ANGE ET DEMONS
Une infirmière timide et bigote se met en tête de sauver l’âme d’une patiente. Un miracle cinématographique qui embarque le spectateur aux enfers.
SAINT MAUD ROSE GLASS (EN SALLES LE 25 NOVEMBRE)
Nos vies de cinéphiles sont ponctuées de séquences anthologiques sublimes, insoutenables, inoubliables, qui nous
ont crucifié à nos fauteuils : le foetus astral de 2001, le passage de la tranchée de L’Enfance d’Ivan, l’oeil coupé en deux du Chien andalou, Meryl Streep au carrefour de sa vie dans Sur la route de Madison, l’ombre de Robert Mitchum dans La Nuit du chasseur… Premier long-métrage britannique, le prodigieux Saint Maud comporte une séquence de cette puissance tellurique. Nous sommes à la fin du film, lors d’une ultime confrontation entre Maud, infirmière à domicile, et Amanda, danseuse souffrant d’un lymphome de la moelle épinière. Et soudain, tout bascule, le film explose, se métamorphose. Pendant une dizaine d’interminables secondes, le pauvre spectateur se retrouve propulsé dans un ailleurs, saisi par la terreur la plus primitive, avant de perdre ses repères dans une épiphanie gore. On n’est plus au cinéma, mais aux enfers. Avec la rétine brûlée au fer rouge et la tête définitivement à l’envers.

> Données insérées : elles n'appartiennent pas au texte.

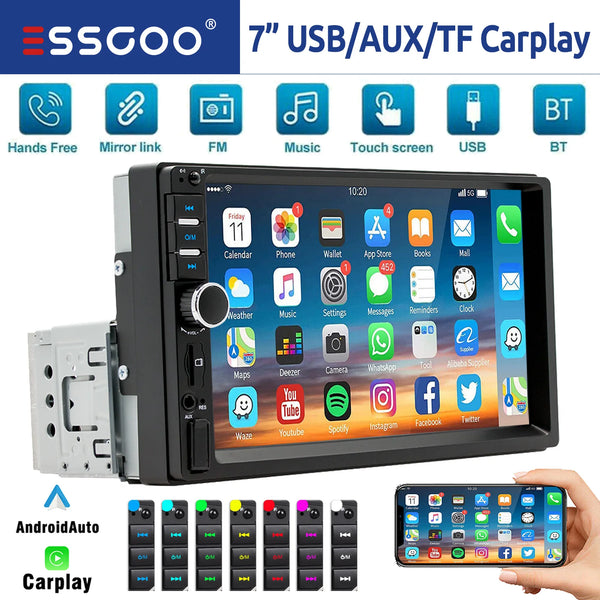 ESSGOO Autoradio Universale 1 DIN 7" Carplay Android
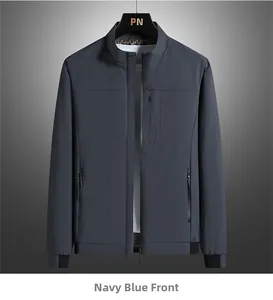 Front view of dark navy men's business casual jacket with high collar and zip pockets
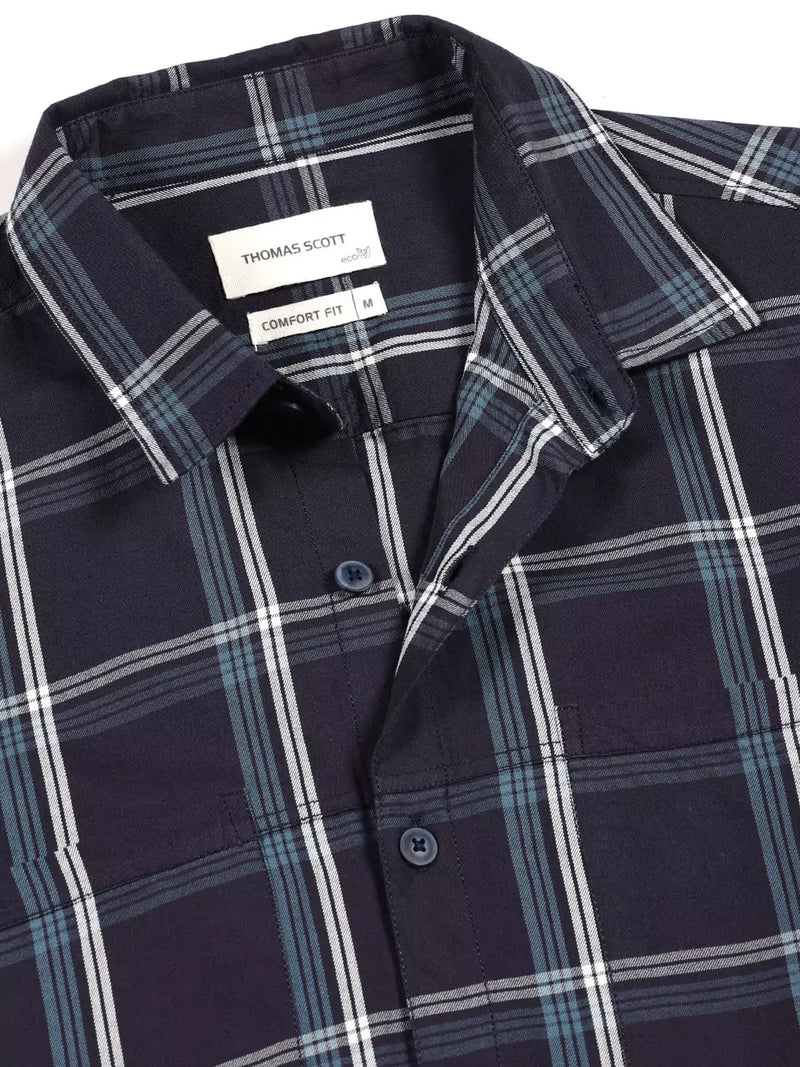 Thomas Scott Men Premium Checked Pure Cotton Casual Shirt
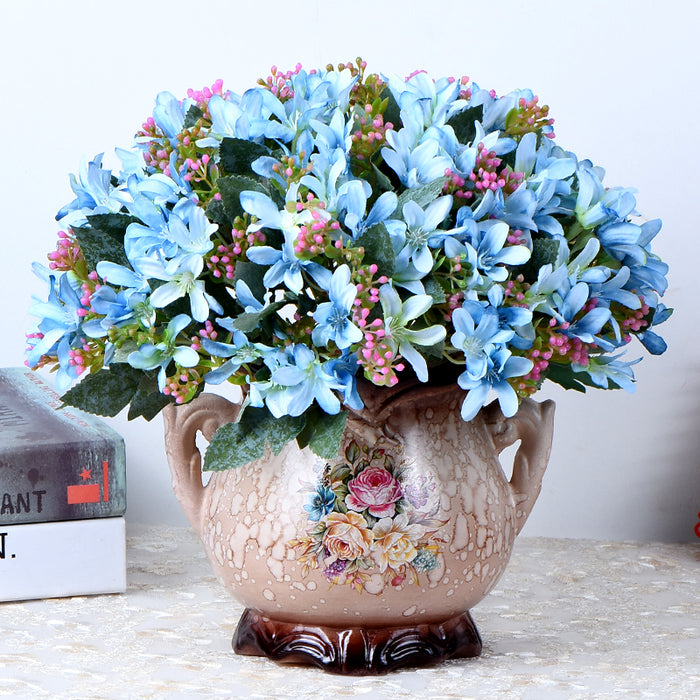 12" Artificial Bouquet Flowers with Vase - 10 Colors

RÉDEMPTION À LA TRONÇONNEUSE
L’auteur de ce merveilleux tour de magie cinématographique s’appelle Rose Glass (voir notre portrait page 46), 30 ans, scénariste et réalisatrice promise à un avenir radieux. En 83 minutes chrono, elle dépeint le chemin de croix d’une infirmière réservée qui se confond avec le papier peint. Elle arpente inlassablement les rues glauques d’une cité balnéaire anglaise, incapable de se lier, d’avoir le moindre ami. « Tu dois être la fille la plus seule que j’ai jamais vue », lui déclare sa patiente. Car elle a un terrible secret : elle pense recevoir des messages directement de Dieu. Entre deux séances de pénitences au fil barbelés, elle se met bientôt en tête de sauver l’âme de la patiente en fin de course dont elle est censée prendre soin…
Si Maud est fragile, Rose Glass semble dotée d’une force quasi-divine. C’est une débutante et elle filme comme un vieux routier du suspense, ressuscitant la perfection claustro des meilleurs Polanski (au hasard Rosemary’s Baby et Répulsion) ou le désespoir existentiel de Taxi Driver. Elle n’a peur de rien et mixe religion, humour noir, tortures et même une sexualité maladive. Avec une lumière crépusculaire qui fait émerger les visages des ténèbres, une magnifique série de contre-plongées et de travelling latéraux, Rose Glass transforme son film en piège et te plonge dans la tête passablement secouée de cette folle de dieu, avant la bombe à fragmentation finale. Un vrai film culte… Rose Glass se révèle également une excellence directrice d’acteurs en ciselant un diamant brut, la sublime Morfydd Clark, que l’on verra bientôt dans la série télé adaptée du Seigneur des anneaux.
Multi-récompensé au festival de Gérardmer, Saint Maud parle de l’âme mais t’arrache les tripes, évoque la religion mais célèbre le Dieu Cinéma. Le seul vrai et beau miracle de 2020.